● **WHAT NEEDS TO BE DONE**: Exactly reproduce the lines from the one containing "Gamewright Forbidden Jungle" through the last line of the data, both ends included, leaving out pictures.

● **DATA EXCERPT**:
§ §

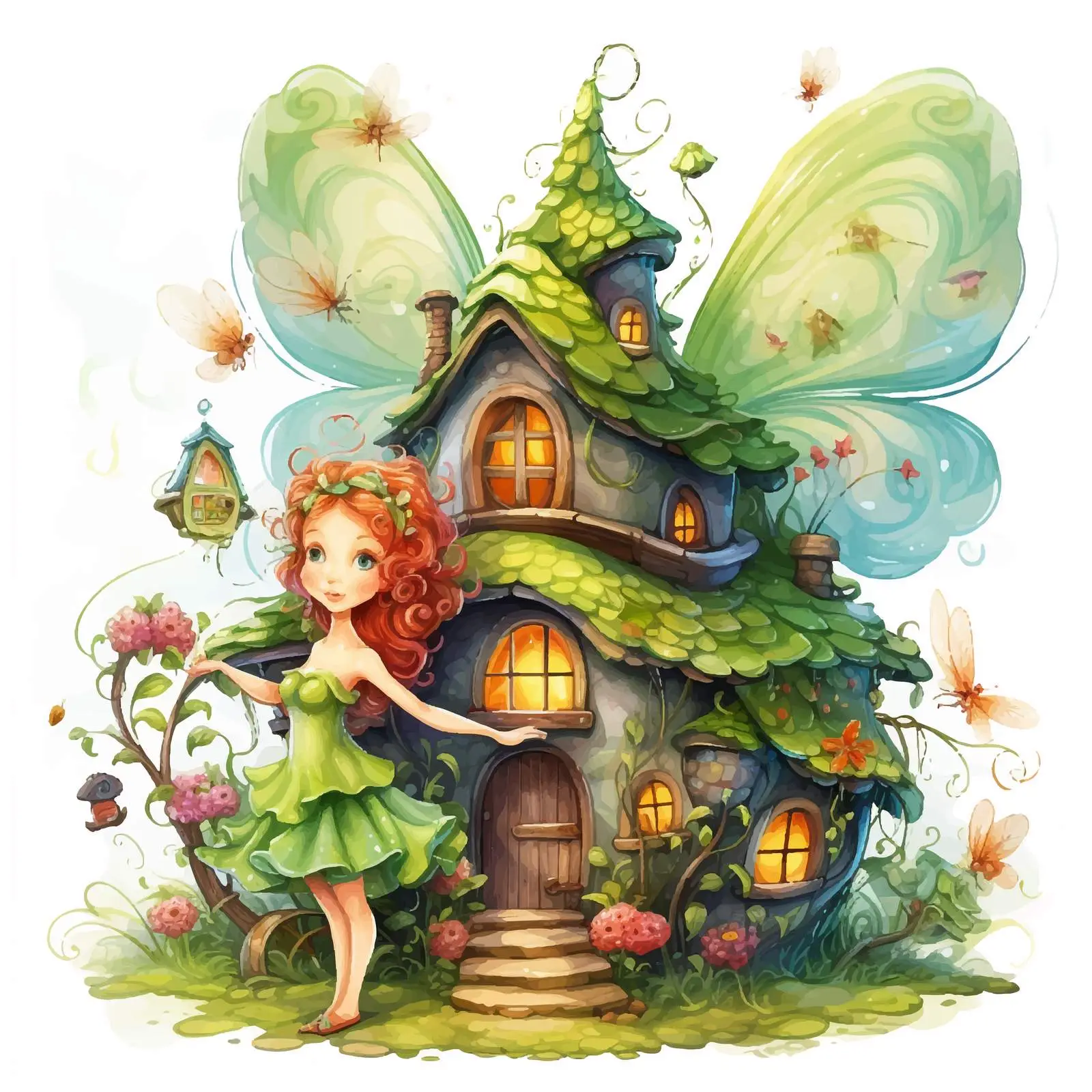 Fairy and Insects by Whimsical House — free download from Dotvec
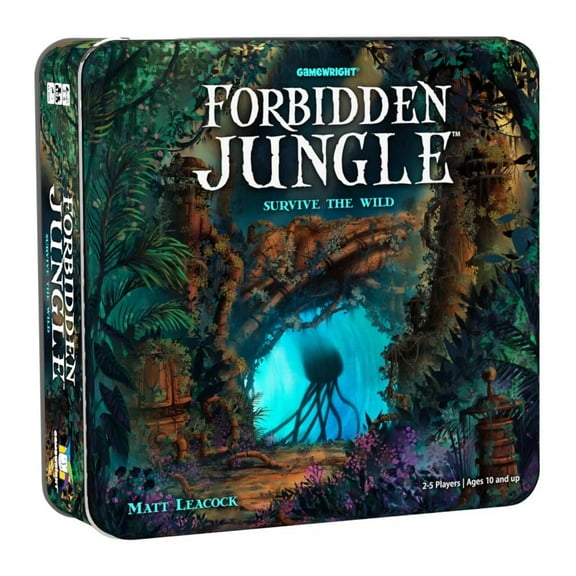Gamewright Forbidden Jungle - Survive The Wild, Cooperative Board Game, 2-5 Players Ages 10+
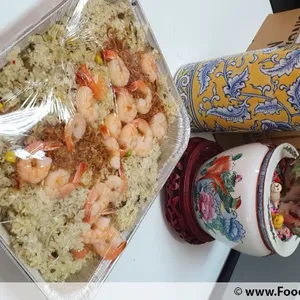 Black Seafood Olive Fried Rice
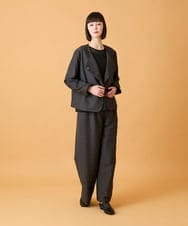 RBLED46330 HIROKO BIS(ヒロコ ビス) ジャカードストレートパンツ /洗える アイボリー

§ §

● **ANSWER SPACE**:
Gamewright Forbidden Jungle - Survive The Wild, Cooperative Board Game, 2-5 Players Ages 10+
 Black Seafood Olive Fried Rice
 RBLED46330 HIROKO BIS(ヒロコ ビス) ジャカードストレートパンツ /洗える アイボリー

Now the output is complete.